Different anti-obesity drugs are available on the market, but most of them show important side effects and lack long-term efficacy [6]. This limitation has led to the search for alternative and/or complementary approaches for treating and preventing this disorder. Herbal remedies and functional foods of plant origin have been the basis of traditional medicine and are commonly used by obese patients [7]. One of the plant families most often applied in traditional medicine is Lamiaceae, which is very abundant in the degraded areas of the Mediterranean maquis and rocky, calcareous, or sandy soils. The genus Lavandula (lavender) includes 39 species that are traditionally employed to treat different diseases, including diabetes [8,9], inflammatory conditions, and digestive complaints [10,11]. It has been described that these crude drugs are rich in a wide range of secondary metabolites that are responsible for their beneficial properties, including antimicrobial, antifungal, and antioxidant activities [9]. Among these Lavandula species, L. multifida has been traditionally used against rheumatism and other inflammatory diseases [10], as well as for the treatment of diabetes and infectious diseases [12]. This study intended to assess the effects of a characterized hydroalcoholic extract of L. multifida (LME) on an experimental model of diet-induced obesity in mice, paying special attention to its impact on the altered metabolic and inflammatory status. Furthermore, the antioxidant and anti-adipogenic properties of the extract were also assessed in vitro in RAW 264 macrophages and 3T3-L1 MBX preadipocytes, respectively.

2. Materials and Methods

2.1. Chemicals and Reagents

The analytical procedures were carried out by employing water purified by a Milli-Q system from Millipore (Bedford, MA, USA), LC-MS grade acetonitrile, and acetic acid, which were purchased from Fisher Chemicals (Waltham, MA, USA), and Sigma-Aldrich (Steinheim, Germany), respectively.
The following reagents were provided from the specified suppliers: sodium carbonate, acetic acid, TPTZ (2,4,6-tris(2-pyridyl)-s-triazine), sodium hydroxide, and hydrochloric acid were acquired from Fluka (Honeywell, NC, USA). Absolute ethanol was purchased from Riedel-de-Haën (Honeywell, NC, USA). Gallic acid, Folin reagent, ABTS (2,2′-azinobis (3-ethylbenzothiazoline-6-sulphonate)), potassium persulfate, Trolox (6-hydroxy-2,5,7,8-tetramethylchroman-2-carboxylic acid), sodium acetate, ferric chloride, heptahydrate ferrous sulfate, fluorescein, AAPH (2,2′-azobis(2-amidinopropane) dihydrochloride), sodium phosphate monobasic, and dibasic were obtained from Sigma-Aldrich (St. Louis, MO, USA).
All chemicals, unless otherwise indicated, were purchased from Sigma-Aldrich (Merck Life Science S.L.U., Madrid, Spain).

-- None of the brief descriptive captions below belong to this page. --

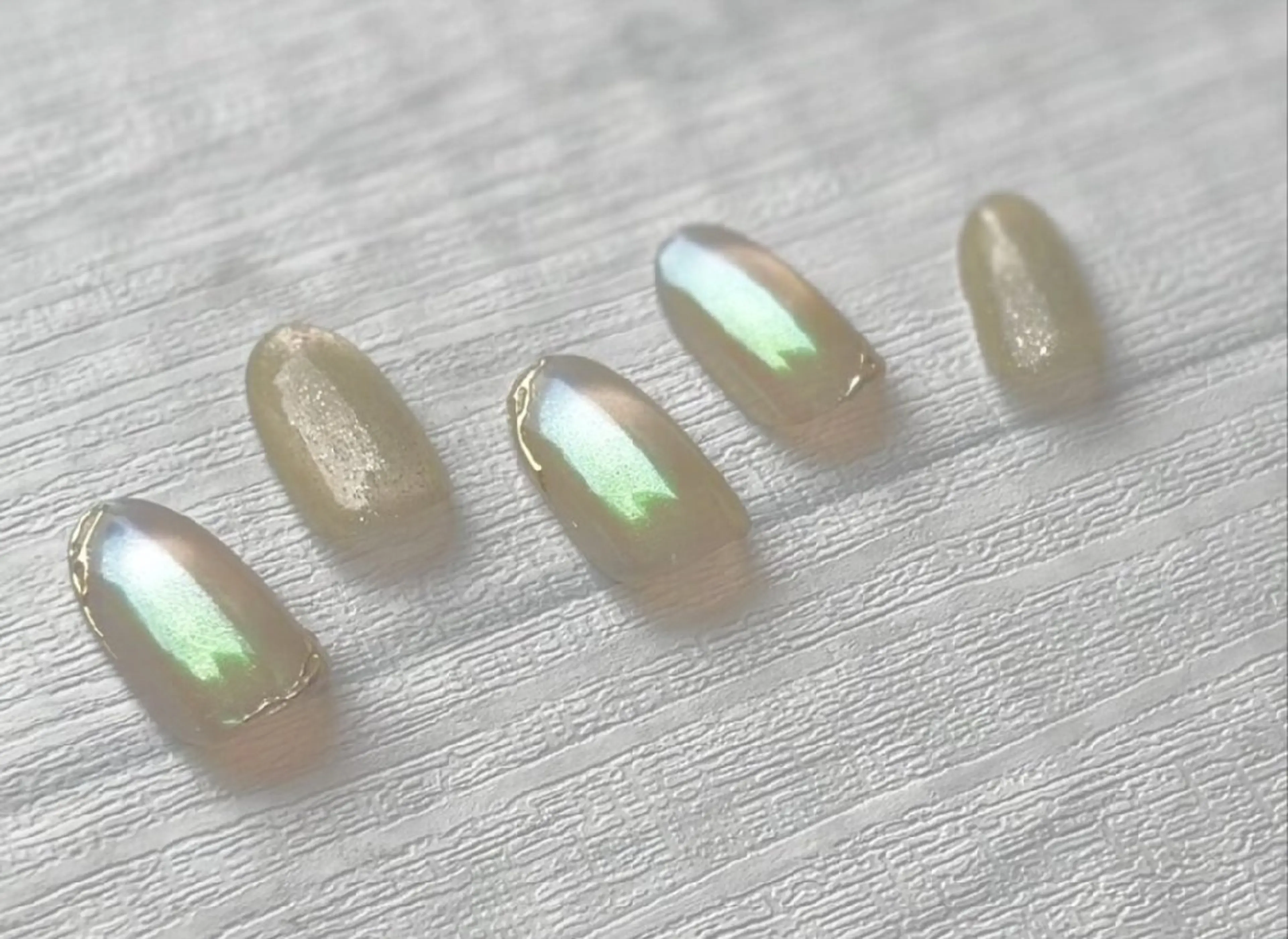 ネイル ハンドネイル aoyagi maiのネイルデザイン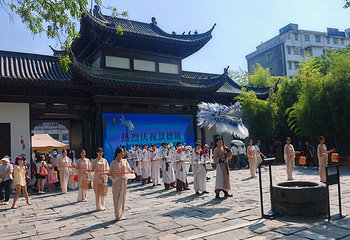 陶阳里旅游区第 101 张图片
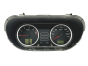 Tacho Kombiinstrument Ford Fiesta 4S6F-10849-JA 4S6F10849JA 39880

2.2. Plant Material and Preparation of the Extract

The aerial parts of L. multifida were collected in Ízbor (36°53′86″ N 3°30.08′25″ W; Granada, Spain) in April 2015. The plant was identified and authenticated by Dr. M. R. González-Tejero and Dr. J.A. Hita from the department of Botany of the University of Granada, Spain. The voucher specimens corresponding to L. multifida L. (GDA 62621) were deposited in the herbarium of the University of Granada (Granada, Spain). The plant extracts were prepared as described before [13]. Briefly, 5 g of ground plant material was mixed with washed sea sand (Panreac Química S.A.U., Castellar del Vallès (Barcelona, Spain) and extracted with 30 mL of methanol 50% (v/v) at 1500 PSI and 80 °C for 10 min in an ASE200 extraction system (Dionex Corporation, Sunnyvale, CA, USA). After two extraction cycles, liquid extracts were pooled, and the solvent evaporated under a vacuum at 60 °C. The extraction efficiency for L. multifida (expressed as a percentage w/w) was 17%.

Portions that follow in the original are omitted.